# Wavefunction questions

1. Nov 18, 2013

1. The problem statement, all variables and given/known data
Ok the problem is this bad boy:
ψ(x) = \begin{cases}
A & \text{for $|x| < d$} \\
0 & \text{for $|x|>d$} \\
\end{cases}

2. Relevant equations

(a)Find a value of A which makes the wavefunction normalized.
(b)Find the momentum wavefunction ψ'(p).
(c)what is the relationship between d, the half width of the position probability distribution and the half-width of the momentum probability distribution. is this relationship consistent with the Heisenberg uncertainty principle?
(d)If the momentum of the particle is measured, what is the probability of it being observed moving to the right?

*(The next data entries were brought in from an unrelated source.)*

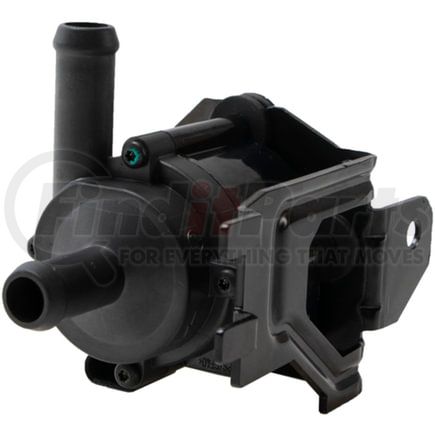 Four Seasons 89066 Engine Coolant Auxiliary Pump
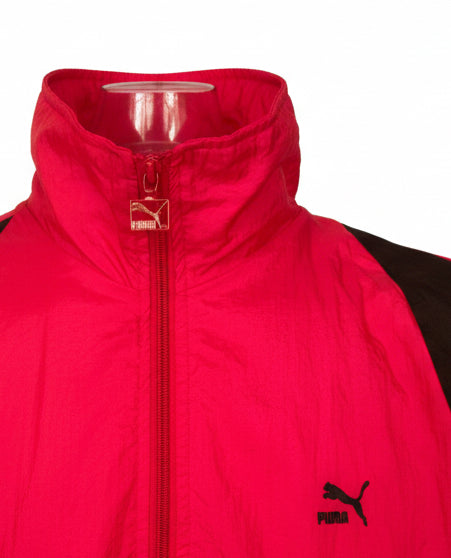 Puma Shell Jacket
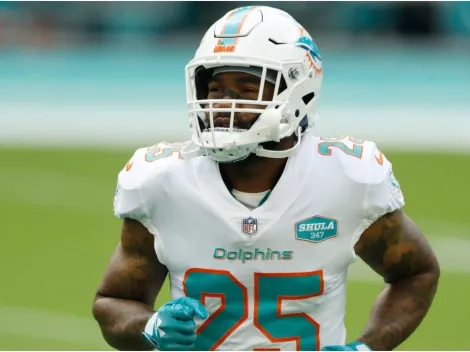 NFL Trade Rumors: Xavien Howard's most likely destination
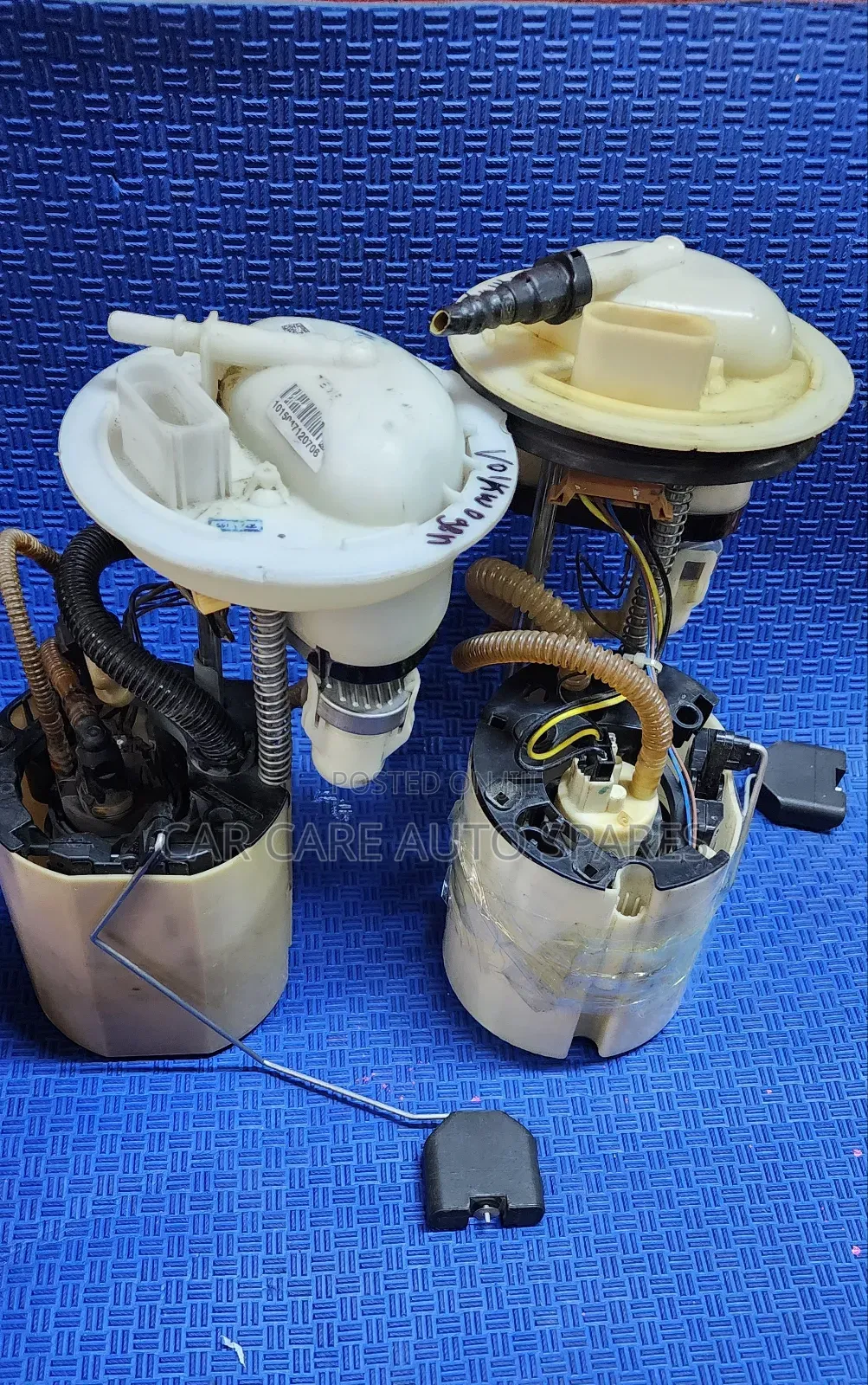 Fuel Pump Volkswagen Passet B6/B8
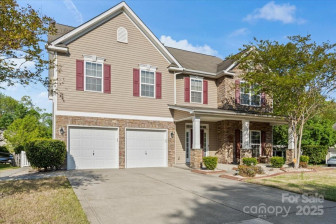 13502 Brandon Trail Dr Charlotte, NC 28213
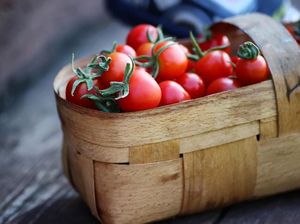 5 Manfaat Tomat yang Sering Dilupakan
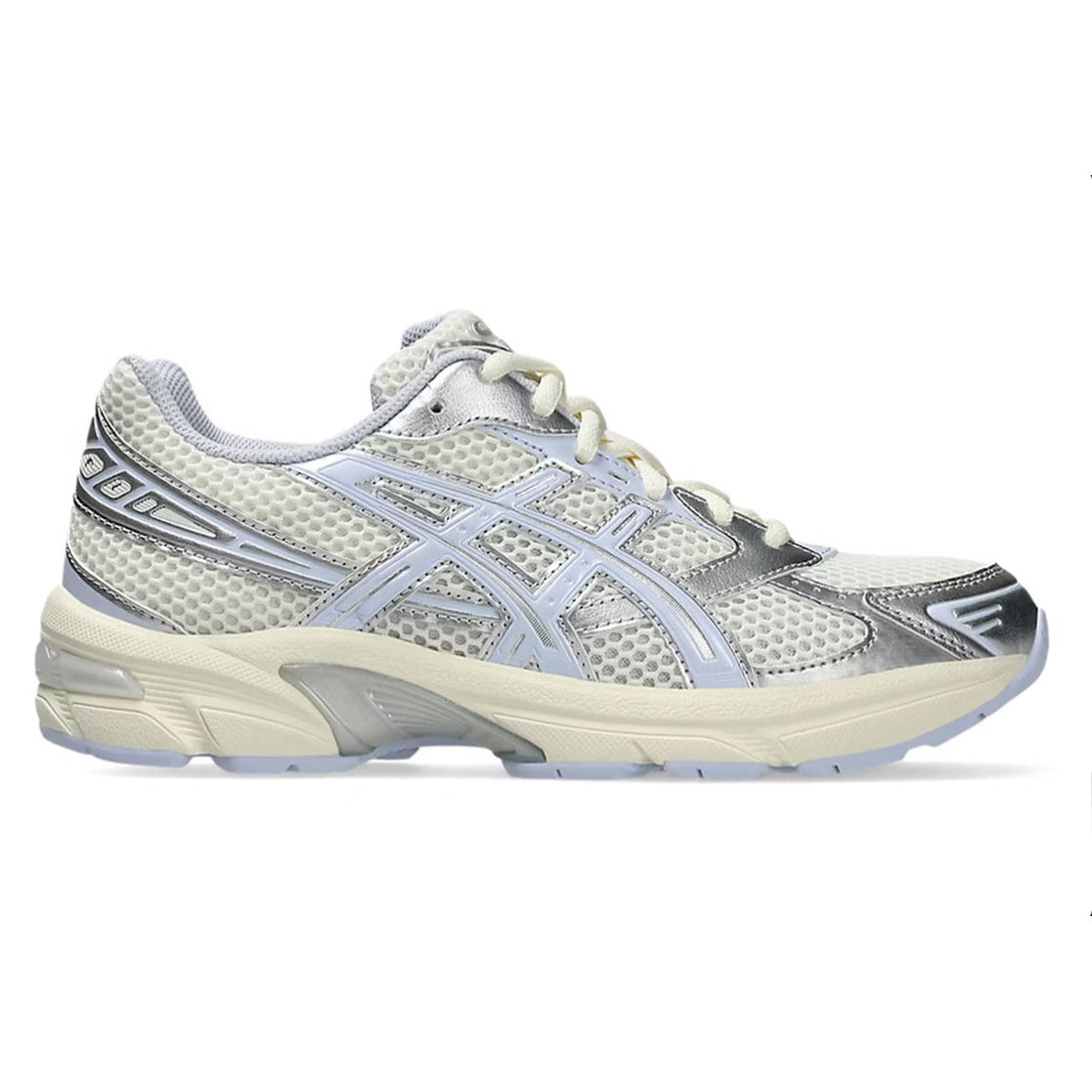 ASICS 1130 “Silver Pack Fade Blue”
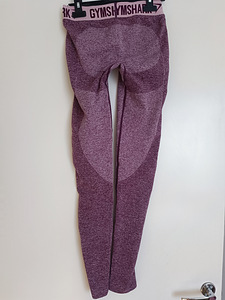 Gymshark legginsid XS (3 foto / 5)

3. The attempt at a solution
(a) Well to normalize it I tried to break up the peicewise, such that I would get two integrals, one from neg infinity to d the other d to infinity. the one from d to infinity drops out because of the zero. so I am left with an integral that diverges? I dont know where I went wrong.

(b)no idea how to do this.. please start me off.

(c) Perhapes once I get the momentum wave function this will be become apparent? if not can someone start me off?

(d) Do I just apply the uncertainty principle? ΔxΔp>=hbar/2 ??

thanks for all the help!!!

2. Nov 18, 2013

### Dick

Just exactly how did you get an integral that diverges for a)? ψ(x) is also zero for x<-d. I'm assuming this is a 1 dimensional problem. Show your work, ok?

3. Nov 19, 2013

∫(from -∞ to d) A^2dx = 1

This integral has no answer and no way to solve for A?

4. Nov 19, 2013

### Dick

The problem says ψ(x)=0 if |x|>d. That means if x<(-d) then ψ(x)=0. You only integrate A^2 from -d to +d. Do you know what |x| means?

5. Nov 19, 2013

yes aboslute value.

So A = i/sqrt(2d) ?

6. Nov 19, 2013

### Dick

I would have said A=1/sqrt(2d), not i/sqrt(2d), but that works as well. But why did you put the i in?

7. Nov 19, 2013

dont know... haha. YA I got the answer now thank you!!

so part b says Find the momentum wavefunction ψ'(p).

How can i do this?

8. Nov 19, 2013

### Dick

The momentum wavefunction is related to position wavefunction by a Fourier transform. You might have to do some research on this if you didn't know that.